Impossível assistir ao espetáculo - primeiro o delírio, depois a pancadaria - do traslado do esquife de de Juan Domingo Perón sem lembrar a advertência de Marx ao leitor alemão do Capital: o modelo descrito no livro podia ser o da Inglaterra, onde o capitalismo se havia desenvolvido mais amplamente, mas a experiência inglesa apenas antecipava a de outros países. “De te fabula narratur”, escreveu Marx no prefácio, para liquidar a alegria de quem se julgasse livre daquele pesadelo. A história contada no livro seria repetida, com personagens diferentes, noutros países sujeitos às leis do capital.

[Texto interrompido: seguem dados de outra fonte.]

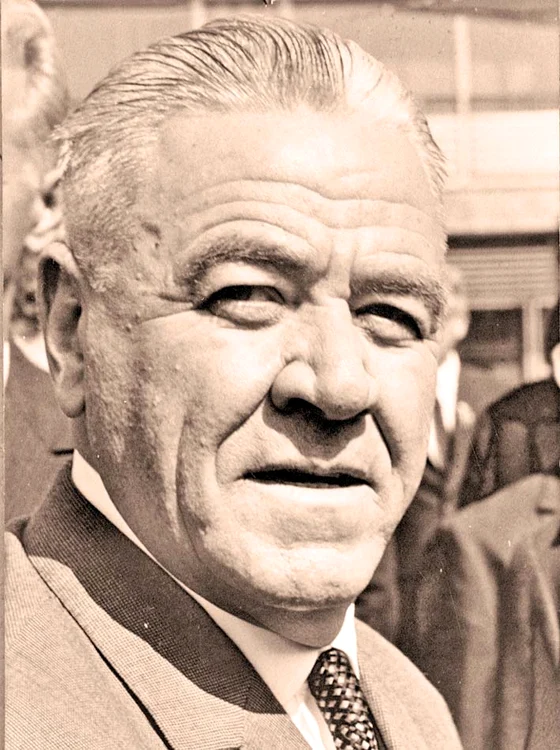 Ioan Gheorghe Maurer
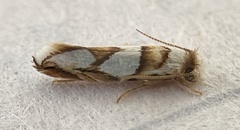 Pompostolella charipepla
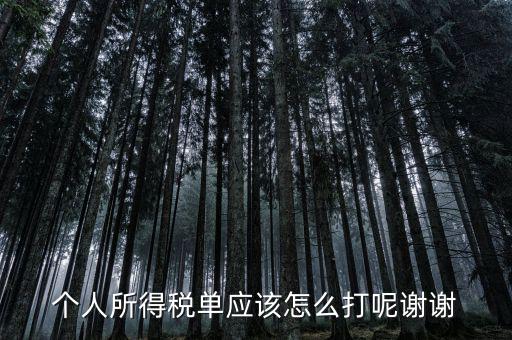 如何打印個人所得稅清單，請問如何打印個人個人所得稅繳款單據(jù)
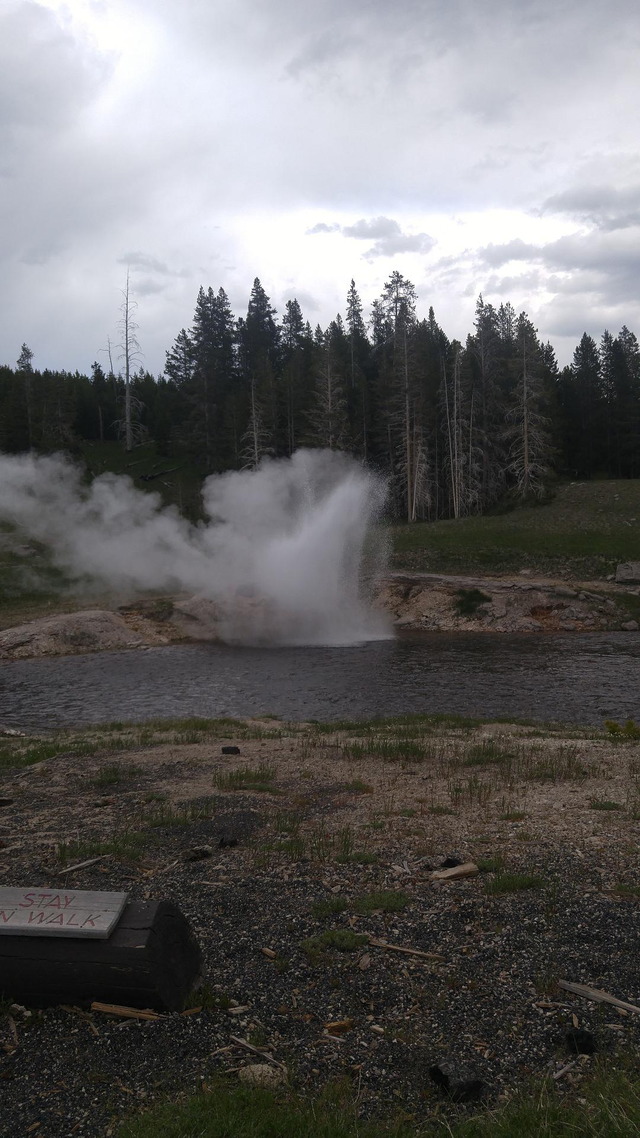 Riverside Geyser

Há quatro anos, quando Luiz Inácio Lula da Silva chegou ao Palácio do Planalto, importantes publicações, na Europa e nos Estados Unidos, noticiaram a eleição de um líder populista no Brasil. A qualificação pareceu errada e preconceituosa mesmo a brasileiros que não haviam votado em Lula. Jornalistas do mundo rico mais uma vez descreviam a situação brasileira com base em clichês fáceis e falsos. Apoiado no trabalho de seu primeiro ministro da Fazenda, Antonio Palocci, e do chefe do Banco Central, Henrique Meirelles, o novo presidente conseguiu diferenciar sua imagem da figura tradicional do político latino-americano. Não deixou de ser uma personagem um tanto folclórica, mas conquistou um tratamento diferenciado e respeitoso.

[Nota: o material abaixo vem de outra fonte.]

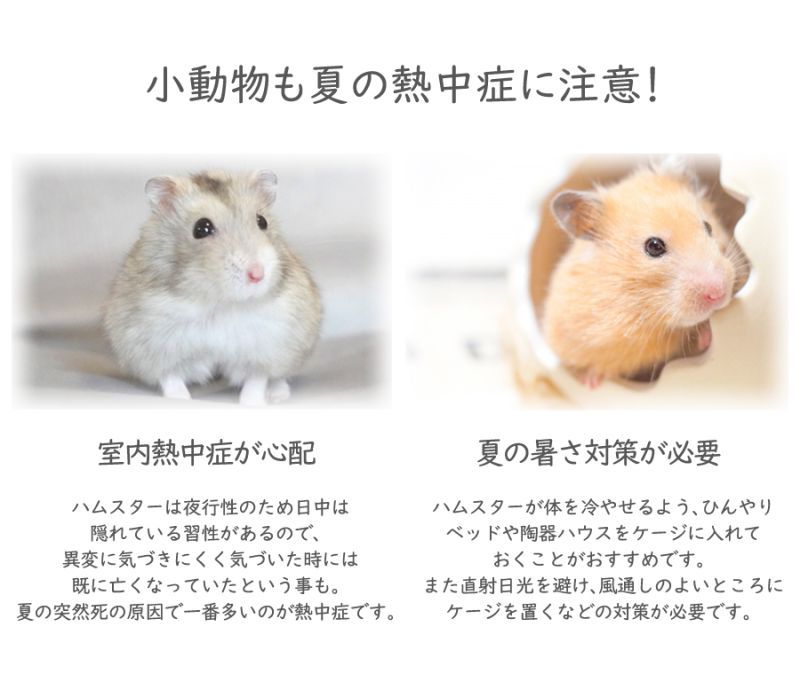 小動物も夏の熱中症に注意！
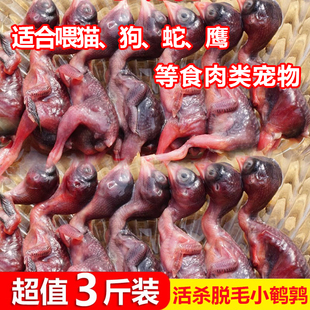 新鲜小鹌鹑幼仔赠分装鹌鹑宠物幼犬狗猫粮零食猫咪生骨肉喂蛇鹰貂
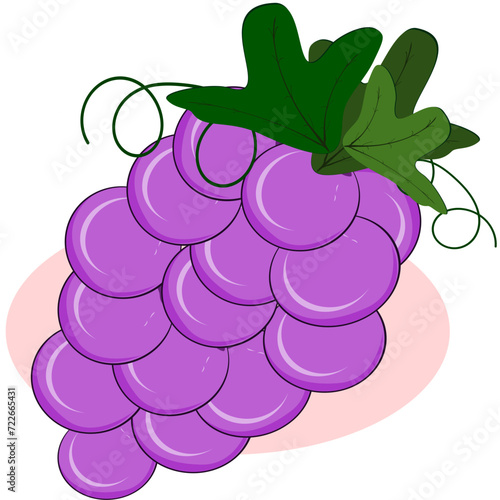 Grapes, Thai fruit, vector illustration set of Thai fruits.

O populista apontado pela imprensa estrangeira, nas matérias publicadas há quatro anos, manifesta-se agora, sem disfarce, numa campanha que parecia impensável no Brasil do século 21. A campanha é espantosa tanto pela estratégia escolhida quanto pelo êxito aparente. É notável não só pelo número de patranhas contadas pelo presidente e por seus aliados, mas também pela baixa qualidade do discurso.

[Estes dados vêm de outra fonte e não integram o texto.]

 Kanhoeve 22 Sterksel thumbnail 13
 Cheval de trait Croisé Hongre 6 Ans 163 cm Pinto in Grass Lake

Atribuir aos adversários a intenção de privatizar o Banco do Brasil e a Petrobrás já seria suficiente para deixar boquiaberta qualquer pessoa razoavelmente informada e capaz de juntar duas idéias. Mas o mais chocante é que alguém possa ter concebido, em 2006, uma campanha baseada na demonização das privatizações. Não há sequer o argumento, usado razoavelmente noutros tempos, sobre o valor estratégico da intervenção estatal em certas áreas. Simplesmente não há argumentos: o discurso é tão vazio de racionalidade quanto a pregação do racismo, da guerra santa ou do nacionalismo do século 19.

O mesmo apelo à irracionalidade aparece no esforço para semear a rivalidade e o ódio entre regiões, como se esta eleição fosse uma disputa entre o Brasil menos desenvolvido e São Paulo. O recado efetivo do presidente, ao acusar a elite paulista de odiar o Norte e o Nordeste, não foi contra um grupo concreto e identificável por suas ações. Quem é essa elite? Em que se diferencia dos tais paulistas que trabalham, que acordam cedo e que são bonzinhos, segundo a ressalva acrescentada por Lula? Os pregadores do racismo, nos Estados Unidos, nunca deixaram de reconhecer a existência de negros bonzinhos e respeitosos. Mas a mensagem eficiente foi sempre a do ódio racial, a do apelo à irracionalidade e aos sentimentos mais perigosos. E por que a elite hedionda é apenas a paulista? Por que é mais nociva que os poderosos do Norte e do Nordeste - aqueles que, de fato, sempre mantiveram e continuam mantendo no atraso dezenas de milhões de brasileiros?

O presidente e seus companheiros negam os fatos, também, quando dizem que seus adversários só sabem privatizar. Fantasiam, quando negam que um enorme trabalho de reforma econômica e institucional foi realizado nos anos 90 e no começo desta década. Inventam, quando ocultam que os instrumentos da política antiinflacionária estavam prontos e disponíveis ao assumirem o governo. Violam os fatos, quando dão a entender que a atual produção de petróleo foi um resultado de seu trabalho. Tentam apagar até a história da Petrobrás e de seu longo esforço para levar o País à auto-suficiência. Para que apagar e recriar a história, se julgam ter uma porção de realizações importantes para mostrar ao eleitorado? Talvez porque saibam que em muitas áreas importantes - como na difusão do ensino básico - sua contribuição foi apenas um pequeno acréscimo porcentual ao que estava feito.

O Lula que se revela sem disfarce nessa campanha é cada vez mais parecido com Evo Morales, com Hugo Chávez e com outras figuras típicas do populismo sul-americano. Ao defendê-los, ele defende, de fato, a si mesmo. Quanto mais será revelado, se for reeleito?